Eng mit dem Abbildungssatz zusammen hängt der schon Anfang der 80er Jahre von Poincaré und Klein behauptete, aber nicht rigoros bewiesene, Uniformsierungssatz für algebraische Kurven: jede komplexe Kurve ist entweder eine rationale Kurve, oder eine elliptische Kurve, oder von der Einheitskreisscheibe mittels einer holomorphen Abbildung überlagert. (Weil die biholomorphen Abbildungen der Einheitskreisscheibe gerade die Isometrien der hyperbolischen Metrik sind, folgt daraus auch, dass jede komplexe Kurve vom Geschlecht g≥2 eine hyperbolische Metrik hat, während sie im Fall g=0 bzw. g=1 eine sphärische bzw. flache Metrik hat.)

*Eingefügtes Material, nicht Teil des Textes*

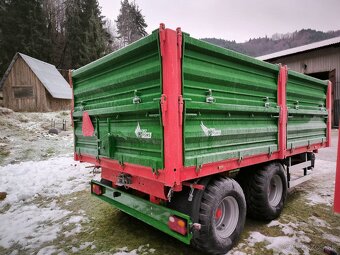 Traktorová vlečka - 4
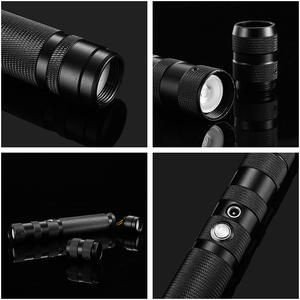 Étoile Clignotant Fête à Thème Jouet LED Télescopique Coloré Sabre Laser Lumières Laser Épée Glowing 22 Lumière Sabre Épée - Product Image 4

Für den Beweis des Uniformisierungssatzes genügt der erste Teil des Abbildungssatzes, den man auf die universelle Überlagerung der komplexen Kurve anwendet, für die also eine biholomorphe Abbildung auf das Innere der Kreisscheibe konstruiert werden soll, man benötigt ihn aber für beliebige (nicht zu P1C oder C isomorphe) einfach zusammenhängende komplexe Kurven, nicht nur für Gebiete in der komplexen Ebene. Man benötigt nicht die stetige Forsetzbarkeit der Abbildung auf den Rand. Diesen für den Uniformisierungssatz ausreichenden Teil des Abbildungssatzes bewiesen Koebe und einige Monate später Poincaré 1907 unabhängig voneinander. Nachdem dank Hilbert der Abbildungssatz für Gebiete mit Rand unter gewissen Regularitätsbedingungen bewiesen war, war der Ansatz, ein offenes Gebiet durch Gebiete mit diesen Regularitätsbedingungen genügendem Rand zu approximieren. (Die Möglichkeit einer solchen Ausschöpfung bewies der Numeriker Carl Runge.) Für die Teilmengen hat man biholomorphe Abbildungen auf den Einheitskreis bzw. auch auf etwas kleinere Kreise, deren Radius gegen 1 konvergiert. Die Folge dieser Abbildungen soll dann (nach Wahl einer Teilfolge) lokal gleichmäßig gegen eine Abbildung auf den Einheitskreis konvergieren, die wieder biholomorph ist. (Für g=0 und g=1 folgt der Uniformisierungssatz aus dem Satz von Riemann-Roch.) Koebe gab in den folgenden Jahren weitere Beweise wie auch zahlreiche Anwendungen und Verbesserungen.
Die allgemeinst-mögliche Version des Abbildungssatzes, also die stetige Fortsetzbarkeit der Abbildung falls der Rand eine Jordan-Kurve ist, bewies schließlich 1912 Constantin Carathéodory, die Arbeit Über die gegenseitige Beziehung der Ränder bei der konformen Abbildung des Inneren einer Jordanschen Kurve auf einen Kreis wurde ein Jahr später in den Mathematischen Annalen veröffentlicht. Sein Beweis gab auch die Lösung des Dirichlet-Problems für Jordankurven als Rand, dieses ist also äquivalent zum Abbildungssatz.
Das höher-dimensionale Analog des Abbildungssatzes ist selbst in der topologischen Kategorie nicht korrekt, es gibt also nicht immer einen Homöomorphismus auf die Kugel. Vermutlich deshalb gibt es wohl auch im 2-dimensionalen Beweise keine rein topologischen Beweise für den Homöomorphismus auf die Kreisscheibe.
Ein geometrischer Beweis des Abbildungssatzes mittels immer feinerer Kreispackungen wurde erst kurz vor Ende des Jahrhunderts von He und Schramm gefunden.